I know others have said this, but since you seem to not yet be convinced: the frequency is a red herring. If your PSU can't really keep up with the Panda, all bets are off. We early on in the LAVA lab figured out they only ran reliably on those massive (IIRC, 4A) bricks that Digikey sells.
The alleged PandaBoard compatibility with only a single model of a massive 4A power brick does not sound right. Especially considering that the PandaBoard is supposed to have a superior hardware design quality compared to the competitors:
http://www.pandaboard.org/pbirclogs/index.php?date=2012-10-16#T01:39:33
Earlier Renato Golin mentioned that "These are 5V and on my multimeter I got almost 6V". Looks like some really cheap poorly regulated junk PSU?
My power bricks costed me around 10-15 EUR each (maybe that's overpriced and I could find something several times cheaper from some Chinese vendors?). All of them seem to be working fine, powering various development boards with weeks/months of uptime. And occasionally experiencing long heavy compilation workloads (gcc, libreoffice, llvm, chromium, firefox, ...) without problems. The voltage is very close to 5V, at least when measured without load. I'm getting ~5.2V from the "worst" one and the others deviate much less.
And naturally, any PSU rated for just something like 1A will not work right, that's a common sense. The modern multi-core ARM boards can easily consume a lot more than this under load. But at least 2.5A or 3A should be sufficient if you don't attach many power hungry USB peripherals.
On 8 July 2013 14:48, Siarhei Siamashka siarhei.siamashka@gmail.com wrote:
And naturally, any PSU rated for just something like 1A will not work right, that's a common sense. The modern multi-core ARM boards can easily consume a lot more than this under load. But at least 2.5A or 3A should be sufficient if you don't attach many power hungry USB peripherals.

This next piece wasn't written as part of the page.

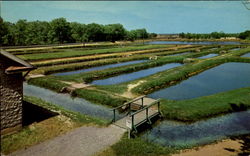 A Section Of The State's Fish Hatchery Postcard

AFAICR, that PSU is 2.5A, but I could be wrong. I'll check when I get back home. But it is cheap, and it could itself overheat, too.
So, for the time being, I'll leave it on 920MHz and keep the bots running until we sort out the power/temp problem.
Anyway, I'd like to move away from Pandas to something with a bit more horse power.
cheers, --renato
On Wed, 3 Jul 2013 16:48:51 +0100 Renato Golin renato.golin@linaro.org wrote:
But more to the point, I don't want to be scaled down when hot, I want it never to get hot in the first place, so I can run at full 1.2GHz, 24 / 7. If the scheduler reduces the frequency to decrease the temperature, I'll be testing more commits per run AND my benchmarks will be skewed, depending on room temperature, which is the same as to say they're not benchmarks at all.
For getting reproducible benchmark results, you just need to ensure that thermal throttling never kicks in. If the kernel is compiled with cpufreq stats enabled, you can compare these stats before/after your benchmark to ensure that it spent all the time running at the same designated clock frequency.
If you get thermal throttling interfering, just keep reducing the CPU clock frequency until this problem disappears. Alternatively, you can possibly reduce the CPU core voltage, but this drives the hardware beyond normal operational limits. Or slightly increase the critical temperature in the thermal framework. However these tricks are only necessary if you need to publish something like "1.2GHz PandaBoard benchmark results" and the non-stock clock frequency is simply out of the question.
Anyway, I recommend you to start the tests for the hardware robustness with:
wget https://raw.github.com/ssvb/cpuburn/master/cpuburn-a9.S arm-linux-gnueabihf-gcc -o cpuburn-a9 cpuburn-a9.S
And then run it for exercising a really heavy multi-threaded workload on the CPU:
./cpuburn-a9
It would be also a good idea to verify that all the CPU cores are fully loaded.
On 4 July 2013 17:34, Siarhei Siamashka siarhei.siamashka@gmail.com wrote:
For getting reproducible benchmark results, you just need to ensure that thermal throttling never kicks in. If the kernel is compiled with cpufreq stats enabled, you can compare these stats before/after your benchmark to ensure that it spent all the time running at the same designated clock frequency.
I did that on my Chromebook, put it on power mode and I get pretty consistent build and benchmark times. It's an art to make sure the benchmark run-time is enough to give you statistically relevant results while not being too much to deal with overheating or scheduling issues, but that, as you say, can be "fixed" by running on lower frequencies, I don't mind about that.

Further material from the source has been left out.